If you can keep the dish, you could get Freesat (essentially the same as Freeview, just using a dish instead of a traditional aerial, although I'm not sure if you can record 1 or 2 channels and watch a third/recorded program like using Freeview PVRs), but you'd have to be buy a Freesat PVR (equivalent to the Sky box, in the region of £130 - £250 depending on the make and features you want).
As you TV is likely (unless it's as old as mine [2007] which only has an old analogue tuner, even though it's an LCD TV) to have a Freeview tuner, it can be connected directly to an aerial (indoor or standard outside one) via an old style co-ax cable. You just get live Freeview only. Add a Freeview PVR for between £130 - £250 to gain the recording facility I mentioned above.
The TV may be new enough that you could connect it via a network cable to a hub or it has a wifi facility, or the PVR could have one (more expensive) to provide access to internet-based on-demand (including netflix on some) and catchup (iPlayer, ITVhub and Freeview Play generally [still a bit limited - only 8 days back and not all Freeview channels or shows, but getting better]).
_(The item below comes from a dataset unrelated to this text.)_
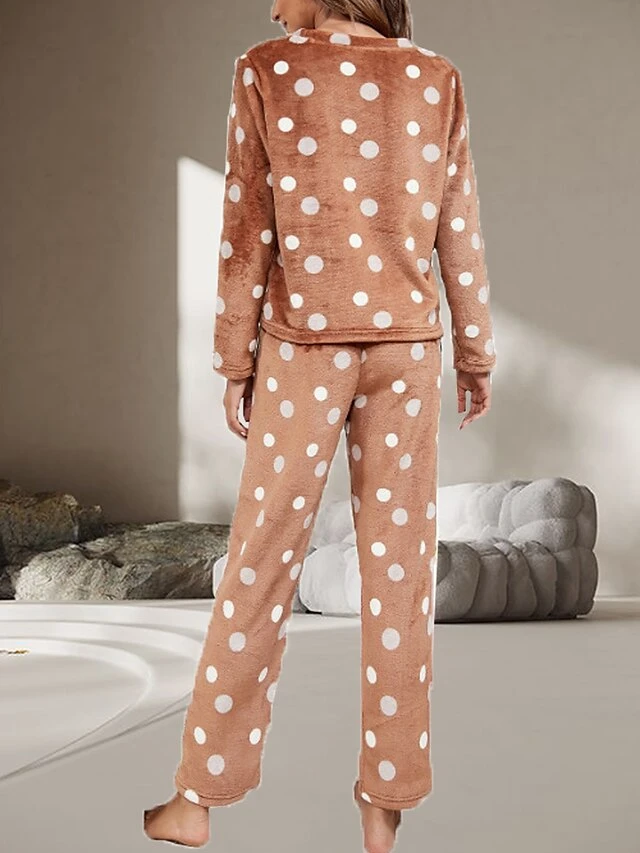 Women's Flannel Pajamas Sets Top And Pant Sets Dot Fashion Casual Soft Home Daily Bed Flannel Warm Breathable Crew Neck Long Sleeve Pant Fall Winter Brown 4 Women's Flannel Pajamas Sets Top And Pant Sets Dot Fashion Casual Soft Home Daily Bed Flannel Warm Breathable Crew Neck Long Sleeve Pant Fall Winter Brown - Image 2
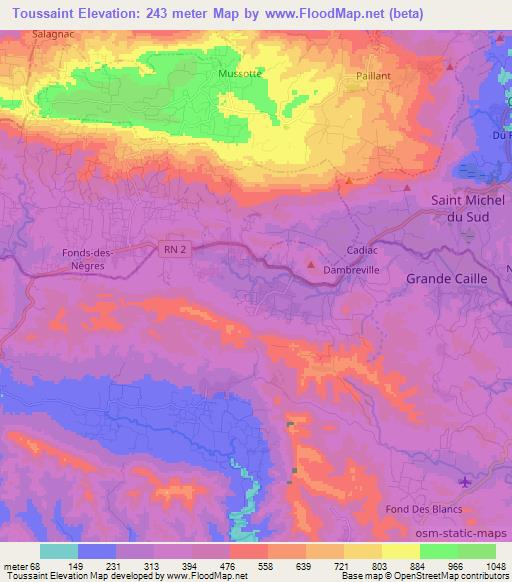 Toussaint,Haiti Elevation Map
You could buy a streaming player - I'm not that familiar with them, only doing a quite check on the Richer Sounds website. You may be a bit more limited about the content (depending on which make you go for), but I'm not sure. It may also depend on the overall household ISP bandwidth what is possible.
I suppose also it depends upon how expensive it would be to have an aerial installed and the signal strength of Freeview in your area. Note also that Freeview does come with radio stations covering most national ones and a reasonable number of local ones, if your interested.
Not sure if you can somehow just use the internet to watch live TV from the main 5 'terrestrial' channels - never really tried except for Sports events (via the Sports News pages on the BBC), which I found (admitedly with only ADSL and 6Mbps) to be glitchy.